Por supuesto que el caso de Christian no fue el primero del que se habló o especuló, sería tapar el sol con un dedo; podríamos hablar, por ejemplo, de nuestro querido Juan Gabriel, que nos regaló la mítica y sabia frase: “Lo que se ve no se pregunta”. Pero quizá el joven cantante de RBD sí fue de los primeros que, inmerso en un negocio millonario como la música pop y la televisión —a su edad y dependiente de una empresa—, marcó un precedente importante para esta generación, una luz para todos aquellos homosexuales jóvenes —que no éramos pocos— que lo seguíamos. Probablemente el siguiente caso de gran magnitud fue el de Ricky Martin, quien en 2010 también haría pública su orientación sexual en un mensaje luminoso, de esperanza y autoaceptación que por supuesto fue admirable, sobre todo después de llevar una vida como heterosexual, aunque no debemos perder de vista el hecho de que pudo hacerlo gracias a la estabilidad económica y sociocultural con la que el boricua ya contaba para ese momento.

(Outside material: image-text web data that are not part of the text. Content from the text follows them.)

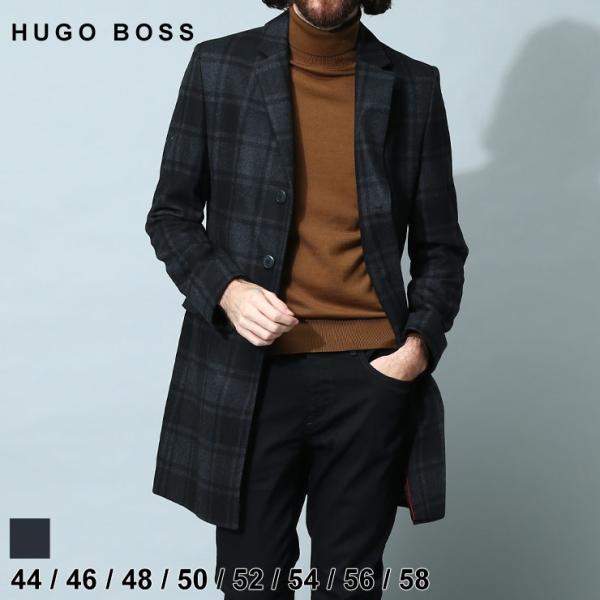 ヒューゴボス メンズ コート HUGO BOSS ブランド チェスターコート アウター ロング チェ...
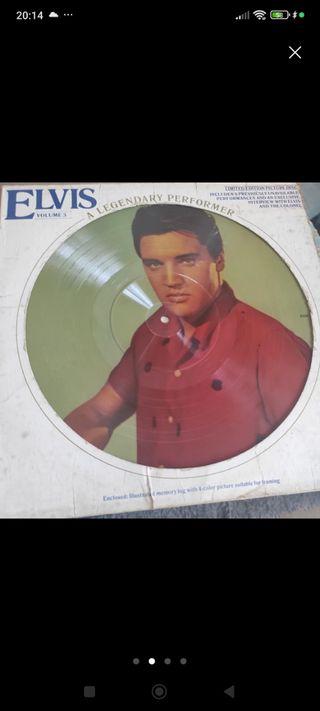 Vinilo Elvis edición limitada 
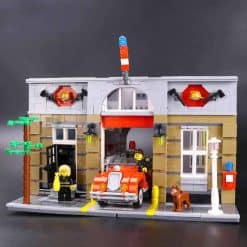 Fire Brigade 10197 City Street View Ideas Creator Expert Series 2313Pcs Modular Building Blocks Kids Toy 15004 84004 99009 LEGO 10197 Fire brigade Lepin 15004 King 84004 City Street View Ideas Creator Modular Building Blocks Kids Toy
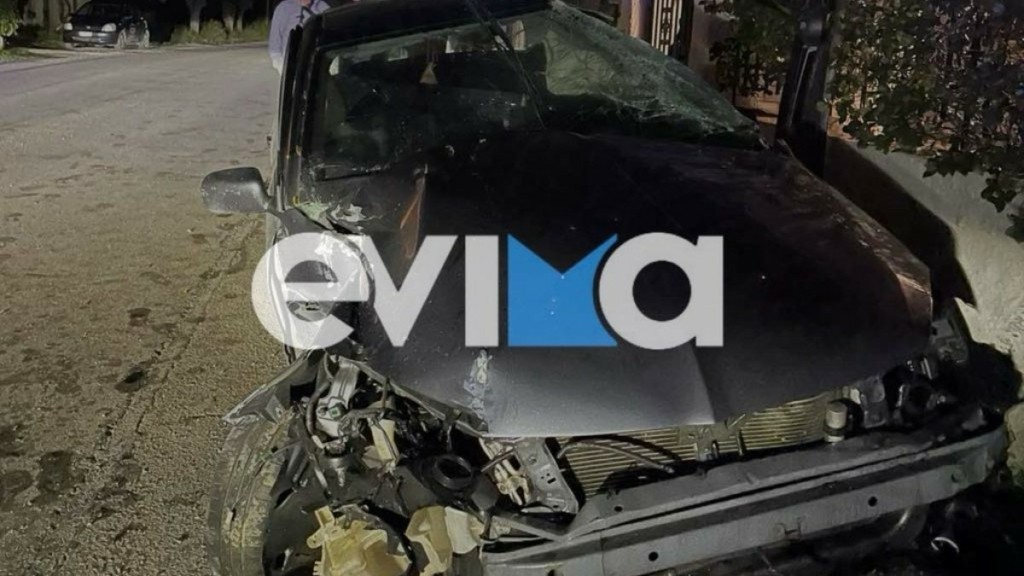 Εύβοια: Αυτοκίνητο προσέκρουσε σε μάντρα – Τραυματίστηκε σοβαρά ο οδηγός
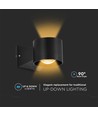 6W LED wandlamp - IP65, zwart, 4000K, 465lm, vierkant, binnen / buiten, incl. lichtbron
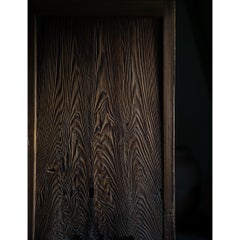 1870s-1920s Japanese antique Yoshino cedar garden exterior door rustic wabi sabi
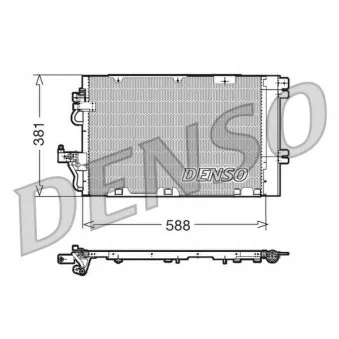 Condenseur, climatisation DENSO DCN20010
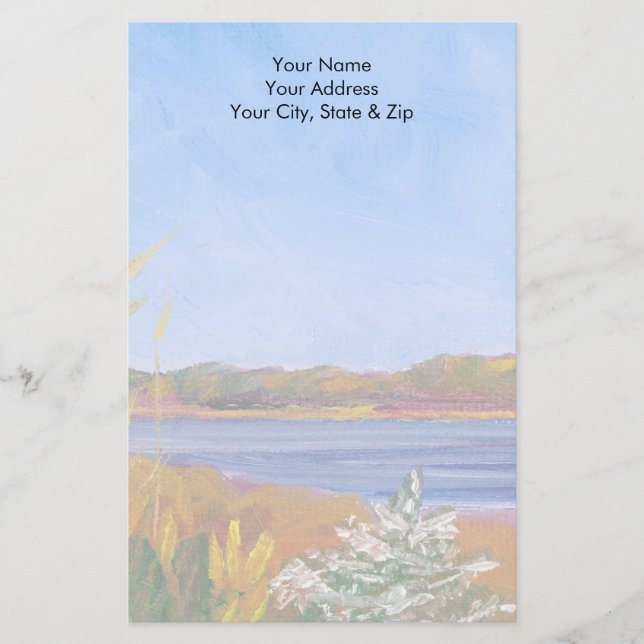 Golden Delaware River Stationery (Front)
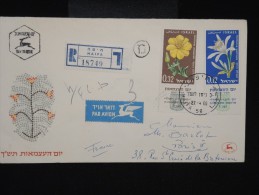 ISRAEL - Enveloppe En Recommandée De Haifa Pour Paris En 1960 -  à Voir - Lot P9151 - Briefe U. Dokumente
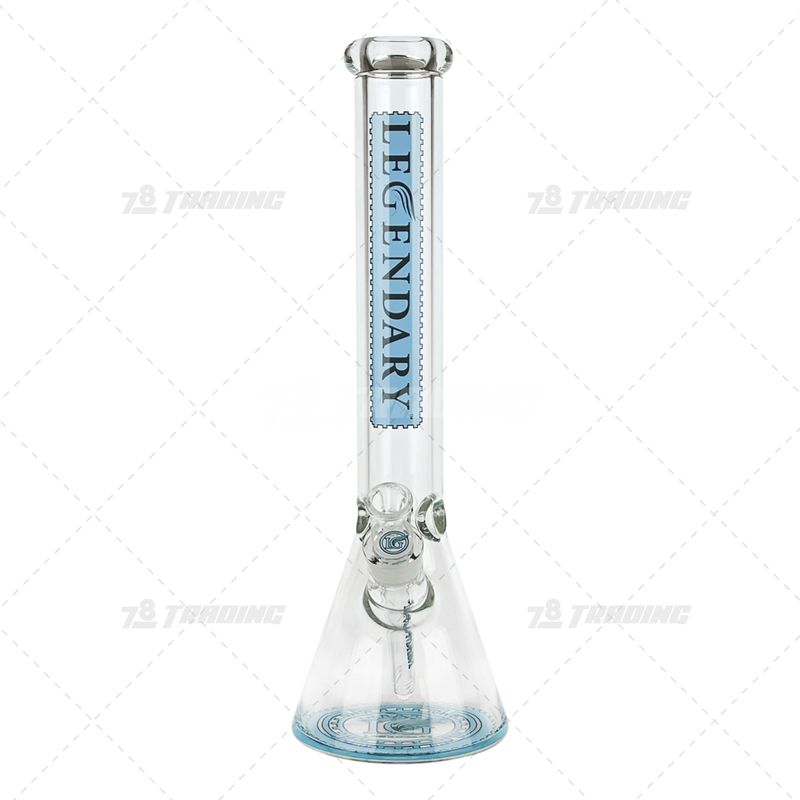 Legendary Glass Color Logo Simple Beaker LG316 16inches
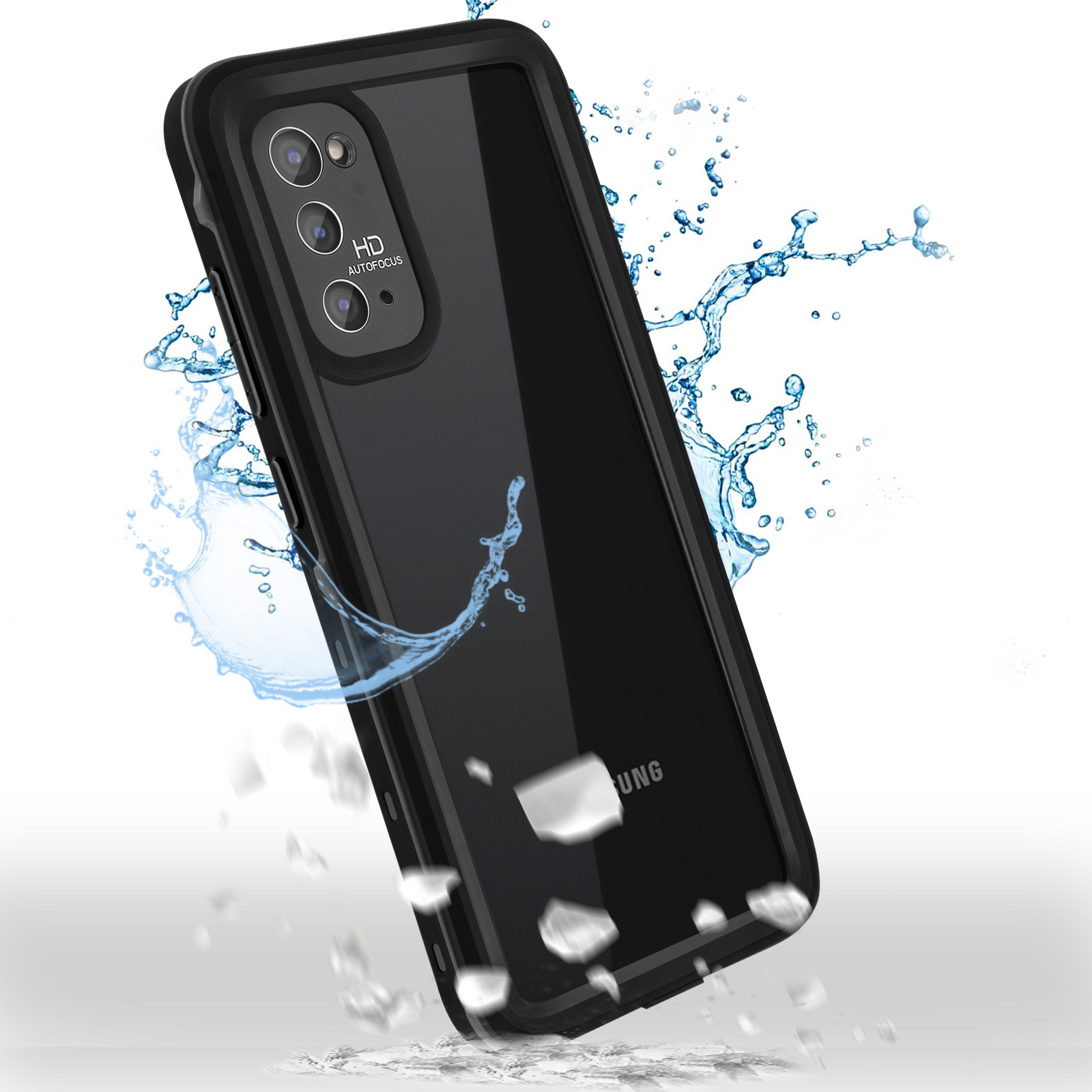 REDPEPPER Waterproof S20, Schwarz Galaxy Samsung, Backcover, Series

Un año después del “escándalo” de Christian Chávez, el grupo chileno Kudai, que era una de las apuestas más grandes de la disquera EMI, grababa su tercer disco de estudio en el que se incluyó un tema llamado “Disfraz”, que abiertamente hablaba de la homosexualidad y que habría tenido mayor repercusión como el cuarto sencillo del disco de no ser porque se enfrentó a la separación del grupo. Y si bien con este álbum no llegaron a los millones de discos vendidos que el monstruo llamado RBD generaba, sí alcanzaron cifras gigantescas en sus ventas. Según Wikipedia, más de 40 000 personas —en su mayoría jóvenes— compraron una copia original del disco Nadha. “Que se note que no le tenemos miedo a hablar del tema”, dirían en una entrevista.
Hay mucho que reprocharle a lo que podemos llamar el mainstream, al pop multitudinario que nos ha regalado muchísimos artistas de plástico y que, además, como muchas otras industrias, usa el movimiento de las diversidades como moneda de cambio, persiguiendo el llamado “dinero rosa” —el debate acerca del color es tema para otro momento—, declarándose aliado simplemente como estrategia mercadológica. Sí, hay que reprochar y ser críticos con la cultura mainstream, sin embargo, también es importante dimensionar que momentos como los antes mencionados pueden tener valía en la vida de los jóvenes. En primer lugar porque al seguir a RBD y Ricky Martin o comprar un disco de Kudai puede existir un sentimiento de acompañamiento: “Él es como yo; ellos cantan de alguien como yo”, y en segundo, e igual de importante, porque hay familias en las que, con la repetición constante —los adolescentes son expertos en escuchar al mismo grupo o la misma canción infinidad de veces—, se puede llegar a comprender algo. No olvido el día en que descubrí a mi madre cantando “ven, llévame del dolor, que está oscuro y no oigo tu voz” , y cómo al preguntarle sólo dijo que le gustaba y entendía la canción. Y así como pasó en mi familia, estoy seguro de que, como portadores de emociones humanas, tal fenómeno pudo haber ocurrido en muchos otros hogares, con muchas otras personas, y aunque fuera sólo en diez, quince o veinte casas, eso se traduce en diez, quince o veinte personas de la diversidad que encontraron un pequeño lugar en el mundo.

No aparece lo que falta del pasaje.